Professor Marc Flandreau (directeur de la thèse à Sciences Po) praised the many qualities of the dissertation. He predicted that the work had a potential to revolutionize the current understanding of the political economy of bullionism. He stressed that a key innovation of the thesis was to outline the importance of market structure. Cadiz black market emerged because the legal divide between the Spanish supply of bullion and the demand for bullion represented by foreign merchants prevented American silver to flow directly in the European markets. The reason why bullion markets were organized the way they were (as black markets), why bullion was quoted as it was (in French bankers' correspondence) and so on, are complex matters in the study of market structure. The thesis lends itself to a Coasian study in firm organization. He encouraged the author to further her thinking by trying in the future to discuss in "Coasian" ways what the nature of the business of smuggling was. Second, he emphasized the importance of thinking about the government objective function as the explanation of bullionism. The government preferred an oligopsony of smugglers rather than competitive smuggling. Why? He mentioned the idea of the rent-seeking behaviour by the Spanish Crown, which is briefly discussed in the dissertation, and encouraged the author to focus on it. What were the benefits of this market set up? Did it permit a greater extraction of seigniorage? Did it facilitate other types of exploitation? Addressing these questions would lead the author to elaborate a coherent explanation of bullionism.

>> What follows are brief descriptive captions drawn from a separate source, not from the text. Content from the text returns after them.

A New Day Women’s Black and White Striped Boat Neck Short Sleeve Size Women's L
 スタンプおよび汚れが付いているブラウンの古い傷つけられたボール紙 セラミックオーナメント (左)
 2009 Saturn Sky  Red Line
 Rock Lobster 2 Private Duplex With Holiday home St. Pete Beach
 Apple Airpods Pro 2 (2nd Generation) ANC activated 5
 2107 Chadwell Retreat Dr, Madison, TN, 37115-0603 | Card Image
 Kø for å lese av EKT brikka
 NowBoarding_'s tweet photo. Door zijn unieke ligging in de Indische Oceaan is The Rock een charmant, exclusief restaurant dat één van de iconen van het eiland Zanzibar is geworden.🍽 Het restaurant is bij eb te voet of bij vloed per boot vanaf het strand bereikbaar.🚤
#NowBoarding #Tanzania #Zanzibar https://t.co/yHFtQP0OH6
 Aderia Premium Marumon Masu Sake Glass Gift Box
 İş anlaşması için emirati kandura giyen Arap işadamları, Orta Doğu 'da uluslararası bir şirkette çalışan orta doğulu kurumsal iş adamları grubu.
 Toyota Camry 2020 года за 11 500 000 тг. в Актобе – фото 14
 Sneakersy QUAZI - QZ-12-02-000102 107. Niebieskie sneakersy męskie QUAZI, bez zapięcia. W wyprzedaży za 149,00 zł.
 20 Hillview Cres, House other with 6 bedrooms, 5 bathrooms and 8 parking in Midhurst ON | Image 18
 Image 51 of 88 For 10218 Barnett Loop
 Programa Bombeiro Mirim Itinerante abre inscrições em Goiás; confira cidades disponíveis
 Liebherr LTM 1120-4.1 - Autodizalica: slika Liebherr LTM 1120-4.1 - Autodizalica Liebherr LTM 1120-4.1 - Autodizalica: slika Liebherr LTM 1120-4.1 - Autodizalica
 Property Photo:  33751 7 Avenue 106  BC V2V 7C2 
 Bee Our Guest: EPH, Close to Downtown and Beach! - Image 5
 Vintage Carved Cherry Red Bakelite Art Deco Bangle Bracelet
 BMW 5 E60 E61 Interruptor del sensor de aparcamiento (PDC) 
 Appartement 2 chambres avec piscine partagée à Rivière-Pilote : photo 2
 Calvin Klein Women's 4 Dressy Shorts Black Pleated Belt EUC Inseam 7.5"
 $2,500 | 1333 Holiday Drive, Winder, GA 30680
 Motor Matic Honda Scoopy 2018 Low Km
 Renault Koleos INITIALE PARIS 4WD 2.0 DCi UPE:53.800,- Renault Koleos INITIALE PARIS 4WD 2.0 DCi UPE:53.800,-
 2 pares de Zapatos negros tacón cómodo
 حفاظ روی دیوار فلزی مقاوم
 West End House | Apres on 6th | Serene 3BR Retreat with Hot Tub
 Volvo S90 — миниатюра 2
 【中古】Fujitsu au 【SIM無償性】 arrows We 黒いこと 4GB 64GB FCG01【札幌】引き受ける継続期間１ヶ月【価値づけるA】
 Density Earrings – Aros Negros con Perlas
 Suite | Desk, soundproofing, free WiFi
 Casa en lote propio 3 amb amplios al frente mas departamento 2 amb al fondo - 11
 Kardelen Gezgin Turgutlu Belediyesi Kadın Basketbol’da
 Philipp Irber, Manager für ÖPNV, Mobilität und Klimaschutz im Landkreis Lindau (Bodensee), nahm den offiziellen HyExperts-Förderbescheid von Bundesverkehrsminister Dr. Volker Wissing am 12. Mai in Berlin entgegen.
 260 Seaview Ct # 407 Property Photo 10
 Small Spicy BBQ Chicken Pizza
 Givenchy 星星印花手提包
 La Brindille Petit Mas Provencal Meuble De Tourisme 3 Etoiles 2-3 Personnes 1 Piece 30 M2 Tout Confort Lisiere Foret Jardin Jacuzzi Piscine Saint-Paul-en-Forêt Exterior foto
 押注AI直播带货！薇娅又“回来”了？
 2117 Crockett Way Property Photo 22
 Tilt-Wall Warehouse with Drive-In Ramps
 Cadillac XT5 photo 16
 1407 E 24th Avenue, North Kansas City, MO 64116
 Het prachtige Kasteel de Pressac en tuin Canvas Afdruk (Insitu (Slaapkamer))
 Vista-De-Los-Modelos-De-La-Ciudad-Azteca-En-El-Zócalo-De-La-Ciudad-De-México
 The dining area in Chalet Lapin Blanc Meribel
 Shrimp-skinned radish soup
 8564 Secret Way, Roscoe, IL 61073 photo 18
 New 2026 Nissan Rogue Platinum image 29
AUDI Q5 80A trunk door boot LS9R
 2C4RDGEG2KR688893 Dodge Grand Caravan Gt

The candidate thanked him for comments and ideas. She agreed the importance of studying in depth why the Spanish government maintained the bullionist policy so long and the interest of analysing the government rent-seeking behaviour. She also thanked the approach toward a Coasian study in firm organization. It is a very suggestive way to frame the business of smuggling.
Le jury s’est ensuite retiré pour délibérer. L’accord a été complet sur les grandes qualités de la thèse qui a reçu a mention très honorable.
Puis, par vote à bulletin secret, il a été décidé d’attribuer à Pilar Nogués-Marco, les félicitations du Jury à l’unanimité. En effet, il s’agit d’un travail qui bouleverse l’état actuel de la recherche sur la nature du bullionisme et les fondements de l’économie de rente qu’il a créé. Par ailleurs, la découverte par Pilar Nogués-Marco, de documents prouvant l’existence de prix sur le marché noir espagnol, ainsi que l’étude de la formation de ces prix, constitue une réalisation scientifique exceptionnelle, tant sur le plan économique qu’historique.
En présence de la candidate et du public, le président lit alors les décisions du jury.